With all energy imports now blocked, officials at the Tajik energy monopoly, Barki Tajik, say they will be forced to release more water from the country's reservoirs this winter to create power - water Uzbekistan needs for irrigation next summer. Barki Tajik representatives also have suggested they will stockpile more water throughout summer 2010, meaning that downstream supplies could be significantly lower than normal.
"Along with the withdrawal from the unified energy grid, Uzbekistan has broken off our water and energy agreements. [...] Accordingly, the Tajik energy system is forced now to make the most use of our hydropower plants to cover domestic needs," the deputy head of Barki Tajik's control center, Sergei Tkachenko, said in comments distributed November 25 by the Asia-Plus news agency.
Officials and analysts in Dushanbe say Tashkent's annual machinations, and now its departure from the grid, are political moves designed to keep Tajikistan isolated and weak, and thus unable to construct more hydropower plants. Tashkent has long protested Tajik plans to exploit the energy potential of its rivers.
"Annually, under different excuses, Uzbekistan impedes the transit of energy to Tajikistan, as well as the export of Tajik power in the summer period when we have a surplus of hydropower," Alexei Silantiev, an advisor to the head of Barki Tajik, complained in comments widely carried by local media outlets. "Uzbekistan is perfectly aware that Tajikistan suffers from power deficits in winter, putting pressure on our country."
Others have suggested that Tashkent may be trying to weaken the government in Dushanbe.
Uzbekistan's decisions "have a bearing on Tajikistan's economic and domestic political situation," the Digest Press weekly quoted Tajik political analyst Shokirjon Khakimov as saying in its November 26 edition. Uzbekistan will "undermine Tajikistan's energy security, which, in turn, might undermine the trust of [Tajik] people in the authorities." In retaliation, Khakimov suggested Dushanbe should consider withdrawal from the Interstate Commission for Water Coordination of Central Asia, "in charge of distribution, rational use and trans-boundary water management."
One project Tashkent has vehemently opposed is the Rogun hydropower station on the Vakhsh River. Uzbek officials have complained that the dam could limit water available for irrigation downstream. But Dushanbe sees the construction of the proposed 335-meter giant as a solution to its constant shortages, and as a means to generate much-needed import revenues.
Cost estimates for the dam complex range from $1.5 to $6 billion, but Tajik authorities, unable to raise foreign capital, now appear to be tempering expectations, and claim they can partially construct the facility for $500 million.

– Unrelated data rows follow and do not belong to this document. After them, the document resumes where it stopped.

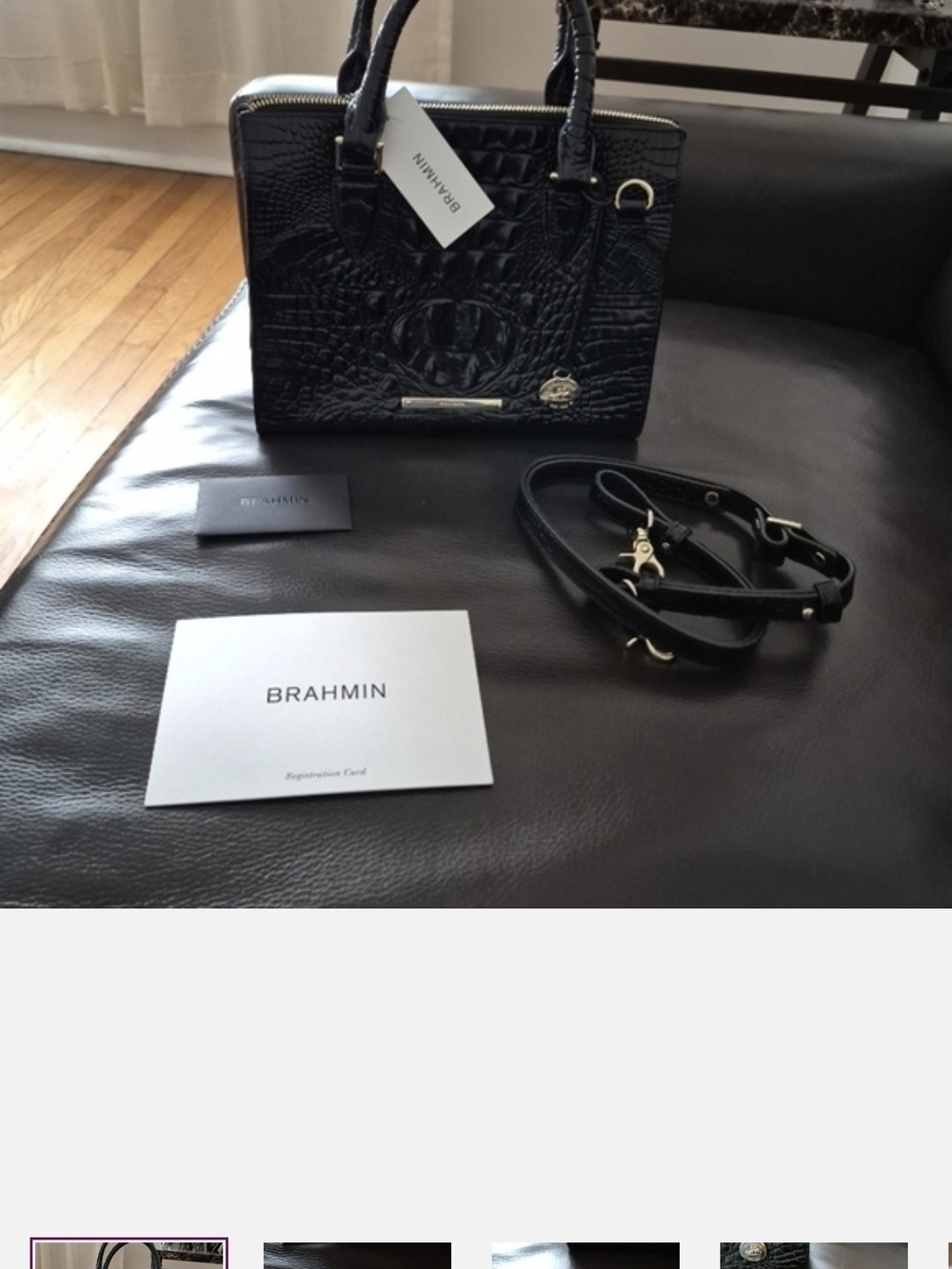 Brahmin Black Croc-Embossed Leather Satchel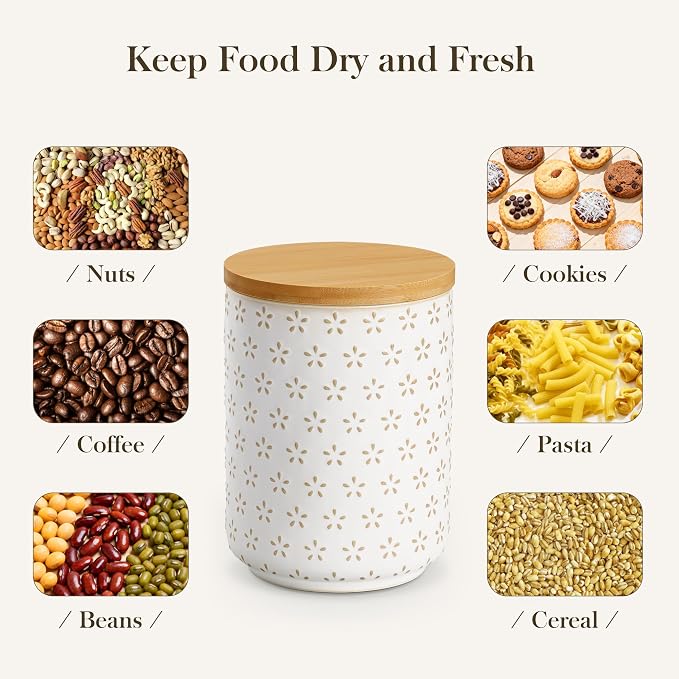 MALACASA LYDIA Ceramic Canisters Set with Airtight Lids, 80/40/20 oz Coffee Canisters Sets for the Kitchen, Large Jars for Flour, Sugar, Pasta, Coffee, Cookies, Tea - Set of 3, Five-Leaf Grass - Image 5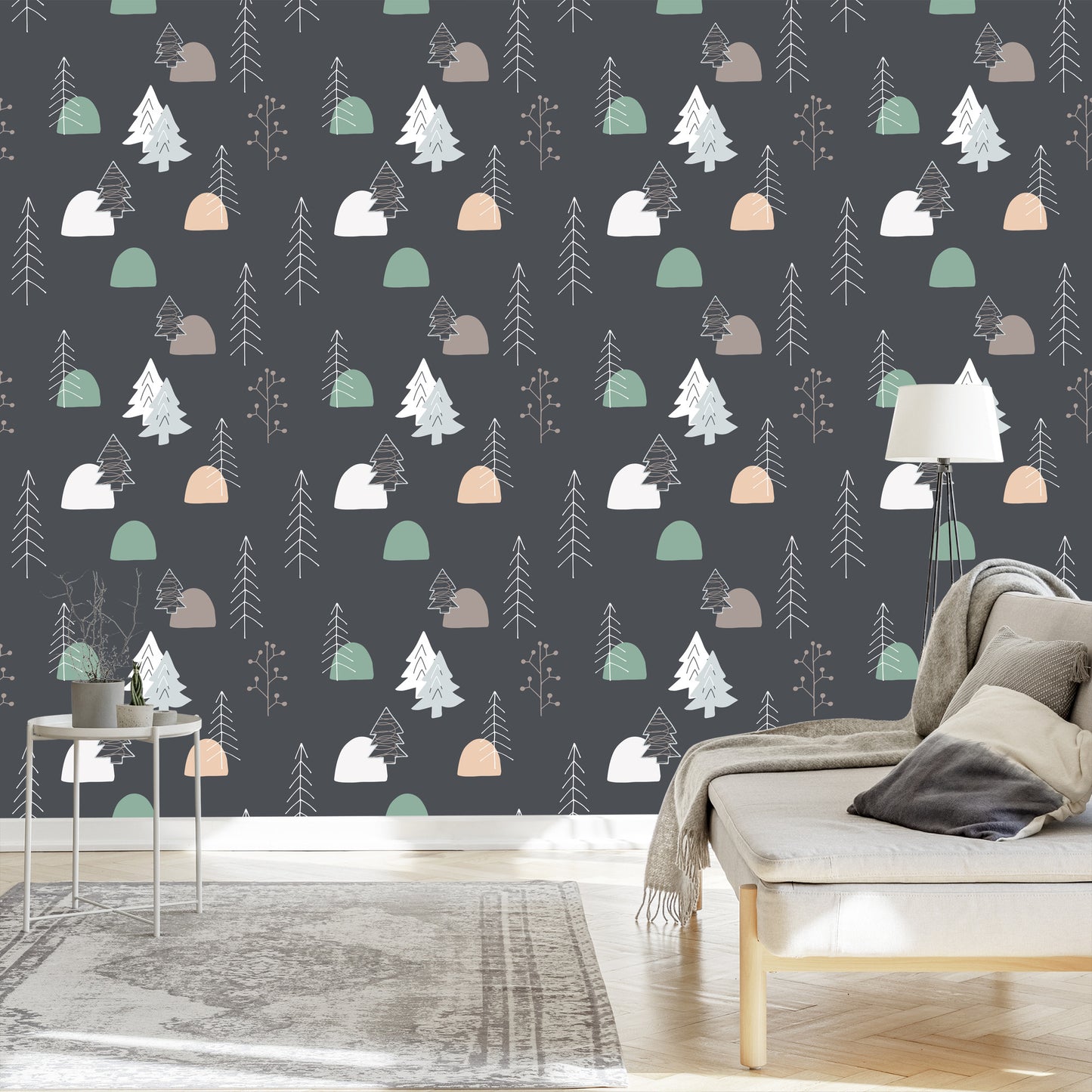 Wallpaper Trees In Scandinavian Style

As they did during the record cold winter of 2008, officials are again passing the hat. Senate Speaker and Dushanbe Mayor Mahmadsaid Ubaydulloyev recently appealed for ordinary Tajiks to donate to the project, promising to-be-printed shares. The project could be completed "if each of the country's 2.14 million working citizens transfers their average monthly salary, amounting to $80, to the Rogun fund," he said on November 19.